How Do You Check Your Equity Position Before Listing Your Home for Sale?
Before a for-sale sign goes in the yard, the numbers behind the sale price matter just as much as the price itself — specifically, how much of that price will actually be equity left over once everything else is paid.
The short answer
Checking your equity position before listing generally means pulling a current mortgage payoff estimate, researching what comparable homes in the area have actually sold for, and subtracting expected selling costs from the likely sale price to see what’s actually left over. Doing this before listing avoids the surprise of discovering, after an offer is accepted, that the proceeds are smaller than assumed.
Start with an accurate payoff number
The mortgage balance shown on a monthly statement isn’t quite the same as the amount needed to fully pay off the loan on a specific future date, since interest continues to accrue daily. A mortgage payoff statement, requested directly from the loan servicer, gives a precise figure valid through a specific date, which is a more reliable starting point than an estimated balance pulled from an old statement or online account summary.

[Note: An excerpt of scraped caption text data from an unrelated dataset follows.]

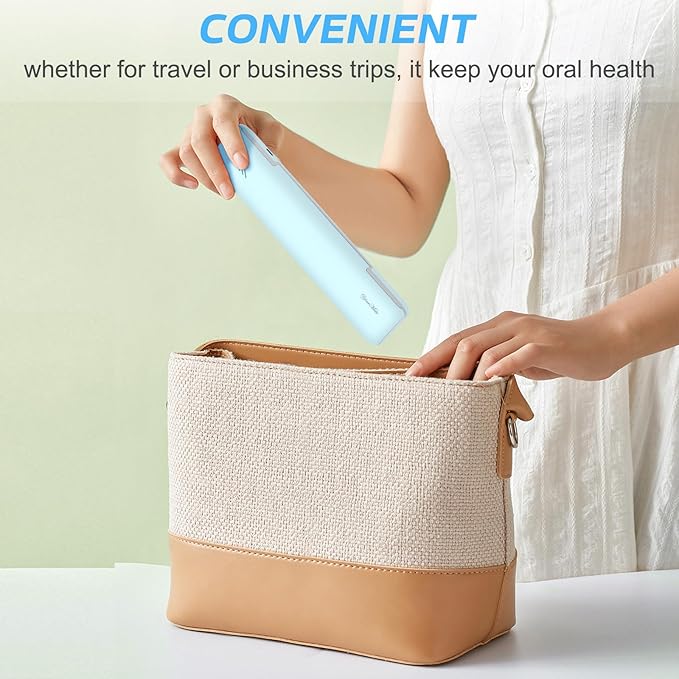 YourMate UVC Toothbrush Case Travel Toothbrush Covers Case for Houshold and Traveling Power by AA Battery or USB-C Blue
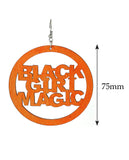 Women's Afrocentric Black Girl MagicWomen's Afrocentric Black Girl Magic Encircled Wood Dangle Pierced Earrings Set, Hot Pink/Turq/Orange Encircled Wood Dangle Pierced Earrings Set, Hot Pink/Turq/Orange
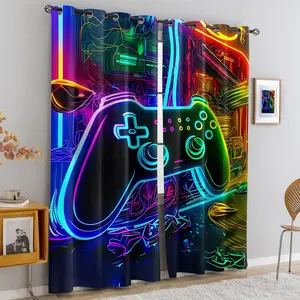 Vibrant Neon Video Game Controller Printed Curtains, Futuristic Cyberpunk Blackout Curtains, Perfect for Gamer Decor in Bedrooms and Game Rooms, Add Energy and Style to Your Home, 2 Panels 2D Plain Weave, Light Blocking Rate 50%-85%, Window Drapes
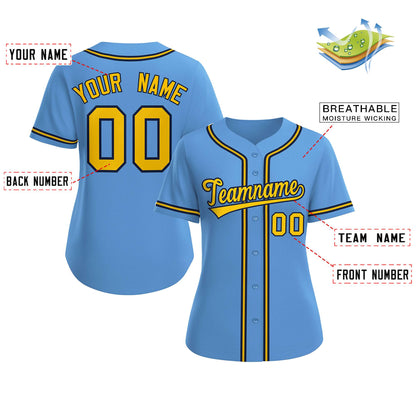 Custom Light Blue Gold-Navy Classic Style Baseball Jersey For Women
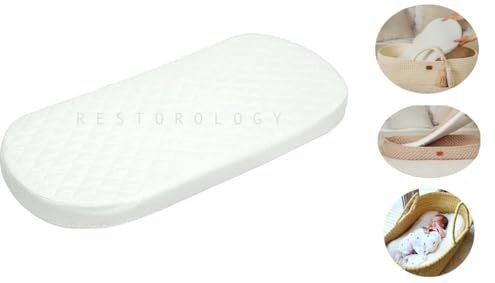 BUY ALL HERE Baby Mattress for Pram & Moses Basket – HQ Foam Crib Mattress | Removable - Washable Cover | Hypoallergenic | Size 75 x 33 x 04 CM
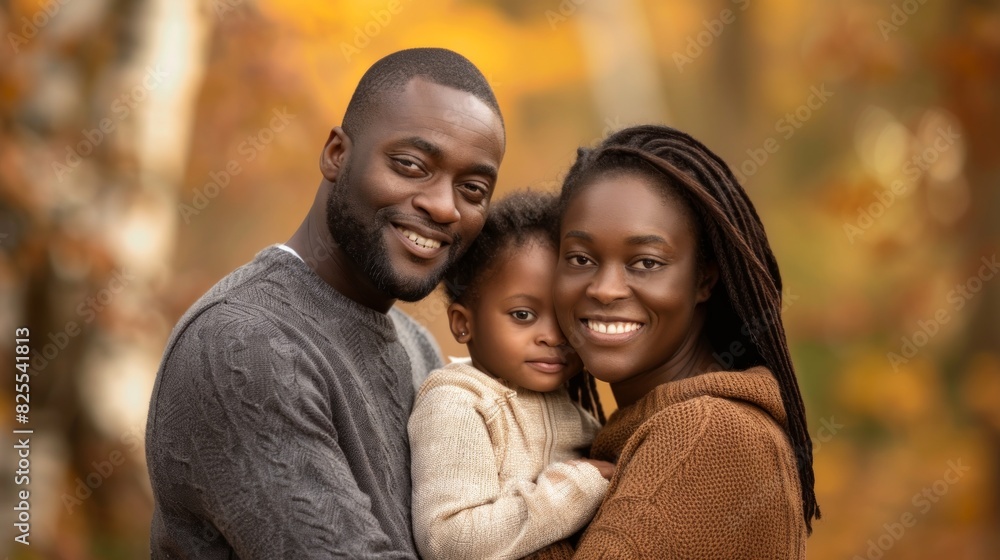 African American family in autumn park. Happy black parents and child in fall scenery. Concept of family bonding, nature, seasonal beauty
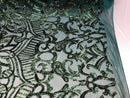Hunter Green Sequin Fabric, Royalty Design Embroidered With Sequin on a 4 Way Stretch Sequin Fabric Mesh-Prom-Gown By The Yard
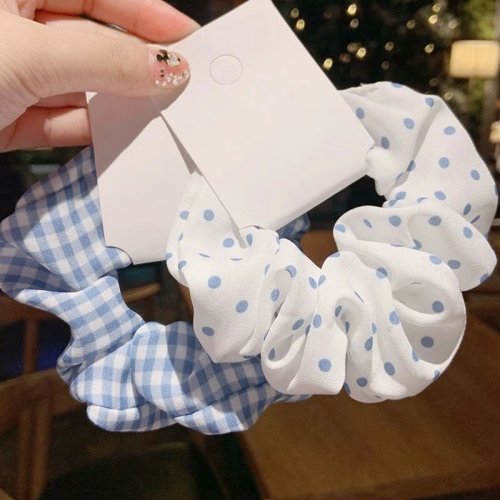 Scrunchies estilo coreano, azul-marinho com bolinhas e xadrez — elásticos de tecido macios para mulher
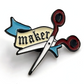 Maker Scissors Enamel Pin Badge Brooch - Embroidery Supplies - ohsewbootiful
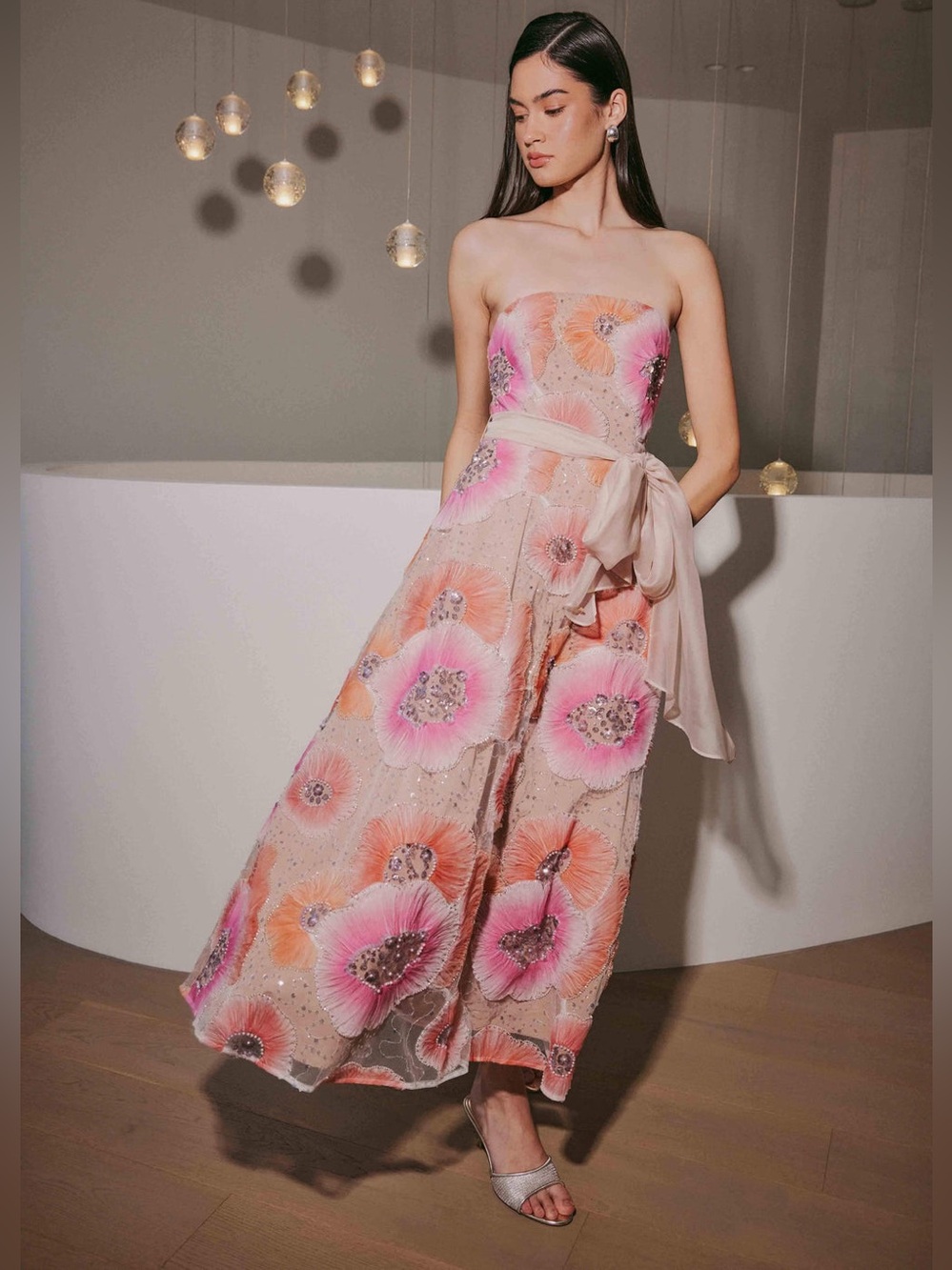Elliatt Brittany A-Line Midi Dress in Pink size XS NWT waist Tie Missing!!!! - Picture 1 of 8
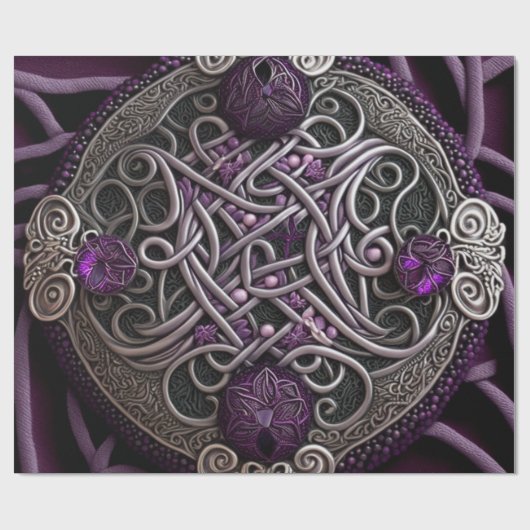 Paars Roos Celtic Knot Cadeaupapier (Vlak)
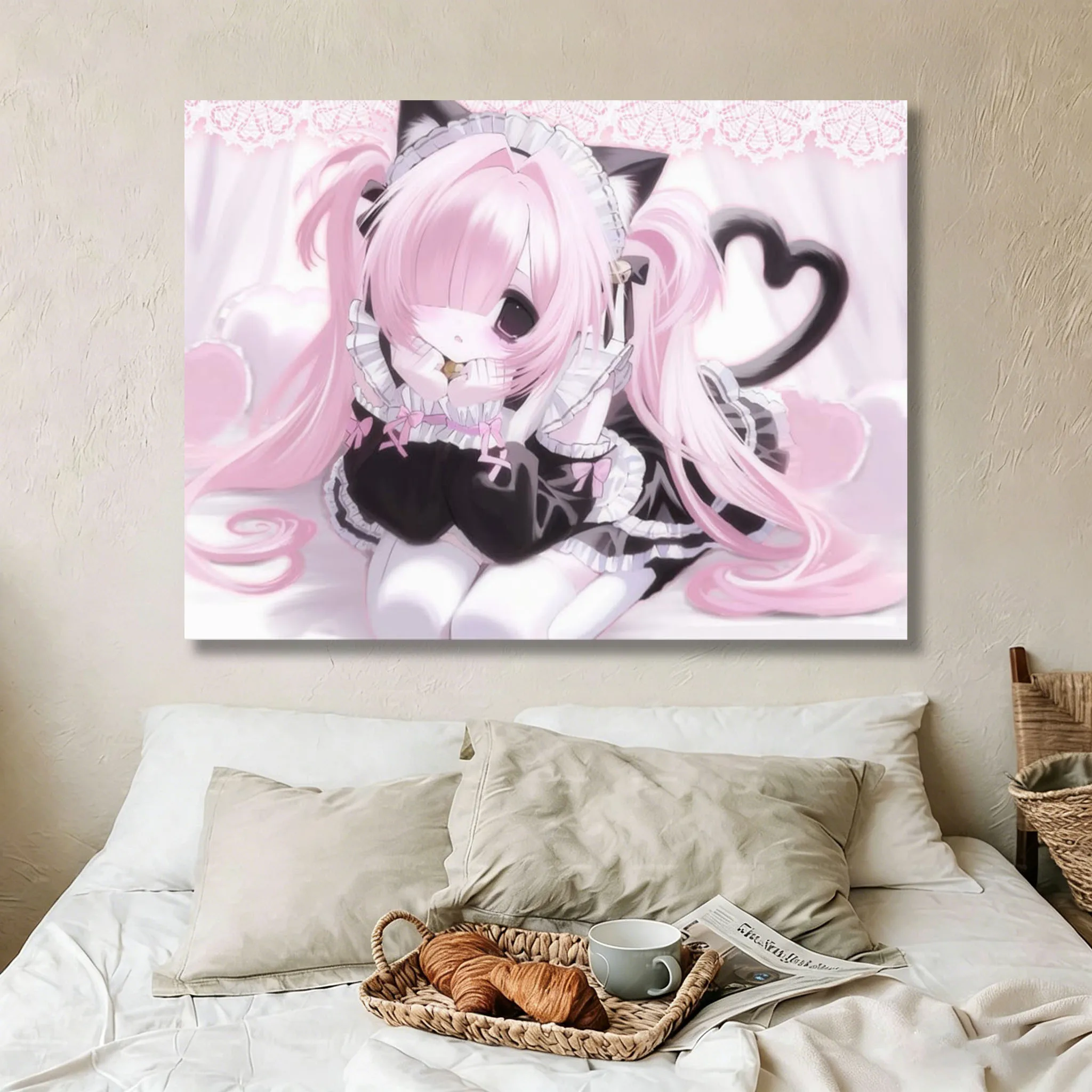 Jirai Kei Style Moe 2000s Tapestry, Old Web Gothcore Tapestry, Neko Anime Girl Bedroom House Dorm Tapestry, Room Decoration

Estimate the realistic sale price
Rather than relying on an automated online valuation alone, looking at recent, genuinely comparable sales nearby — similar size, condition, and location — tends to produce a more grounded estimate of what the home might actually sell for. Automated estimates can be a useful starting point but are often imprecise for an individual property, especially one with unique features or recent updates that a broad algorithm wouldn’t fully capture.
Account for selling costs
The sale price and the amount that lands in a bank account afterward are rarely the same number. Selling typically involves costs such as agent commissions, transfer taxes, prorated property taxes, and various closing fees, all of which come out of the proceeds before anything reaches the seller. Some of these mirror the closing costs paid when buying a home, just from the other side of the transaction, and together they can meaningfully reduce the net amount compared with the headline sale price.
Put the pieces together
Subtracting the payoff amount and estimated selling costs from the realistic sale price gives a working estimate of net proceeds — the actual equity that would come out of the sale. This is also a useful moment to confirm that any lien from a prior mortgage payoff was properly recorded, since an unresolved lien from an old loan can complicate a sale even years after the original debt was paid off.
Why this matters before listing, not after
Doing this math before listing, rather than after accepting an offer, gives more room to adjust plans — whether that means timing the sale differently, considering a smaller renovation to boost the sale price, or simply having realistic expectations about what the sale will actually fund next. Waiting until an offer is on the table to run these numbers leaves far less room to react if the outcome is different from what was assumed.
A practical habit
Treating an equity check as a routine step before listing, the same way a net worth figure gets periodically updated, turns what could be an unpleasant surprise at closing into a number that was already expected well in advance.